Sorr(y)ento

La trasferta a Sorrento compiuta di recente mi ha dato modo di conoscere una pratica che infittisce la ragnatela delle offerte in cui il turista può rimanere imbrigliato qualora la sua idea di vacanza risulti congruente ad una sorta di esperienza esotica: vado a casa di persone non solo a pernottare, ma a mangiare come se fossi al ristorante.

Nicola lavora nel settore dei trasporti privati da più di 20 anni – l’abitante di Sorrento è da tempo sceso a patti con la vocazione turistica del luogo e molti degli occupati hanno trovato impiego nel settore dei servizi al non residente. Lamenta delle nuove condizioni di lavoro che, sebbene in aumento, rischiano di diventare un boomerang qualora non vengano normate. Non basta aver liberato la domenica dalla presenza dei Gran Turismo: è opportuno riscrivere le condizioni che permettano a tutti di giungere a Sorrento senza dover perdere la testa a causa del traffico o dell’assenza di parcheggio.

Provo con le mie domande a ricostruire cosa sia cambiato da quando ogni fase della residenza temporanea viene decisa a monte attraverso una prenotazione a mezzo carta di credito. Mi risponde che le cose funzionano meglio che in passato: i ritmi meglio scanditi permettono di non perdere tempo e di offrire anche un servizio migliore. Aggiunge, purtroppo, che la maglia nera dei servizi però spetta al trasporto pubblico, la cui inefficienza rischia di mandare tutto all’aria. Il problema – dice – è che i turisti vengono in Italia quasi di ripiego, dal momento che il mediterraneo non è più quel posto sicuro di un tempo; ma non sono molto felici di pagare così lautamente per dei servizi che al contempo presentano anche disagi. Ad ogni  modo, mi informa che al momento le prenotazioni per il 2018 vanno a gonfie vele, che la stagione 2017 non ha ancora chiuso i battenti e che anzi si prevede una opaca continuità tra le due, figlia di un clima mai così mite nel fare da cerniera.
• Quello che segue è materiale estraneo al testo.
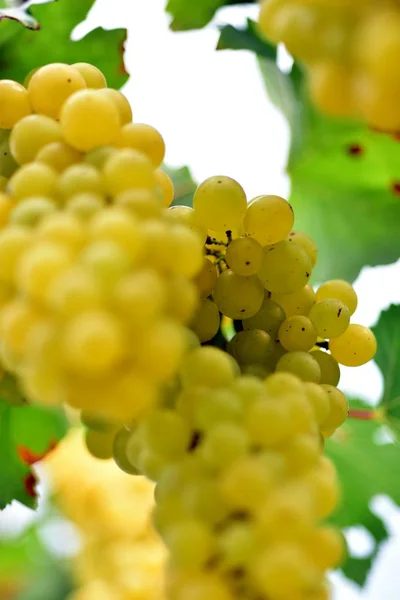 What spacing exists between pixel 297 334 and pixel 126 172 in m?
0.20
Gli chiedo dunque se anche le strutture domestiche abbiano nel tempo aderito a quella logica che le vuole casa-vacanze per stranieri: in altre parole, come vanno le cose con airb&b. Molti sorrentini hanno deciso di guadagnare da questa situazione destinando alcune stanze dei propri appartamenti. In effetti, diventa quasi necessario nel momento in cui le strutture alberghiere sono tutte occupate. Questo ha permesso il diffondersi di agenzie specializzate nella gestione delle tante e diverse stanze, soprattutto perché non tutti i residenti sanno relazionarsi linguisticamente con il turista straniero e preferiscono affidare la gestione ad organizzazioni specializzate.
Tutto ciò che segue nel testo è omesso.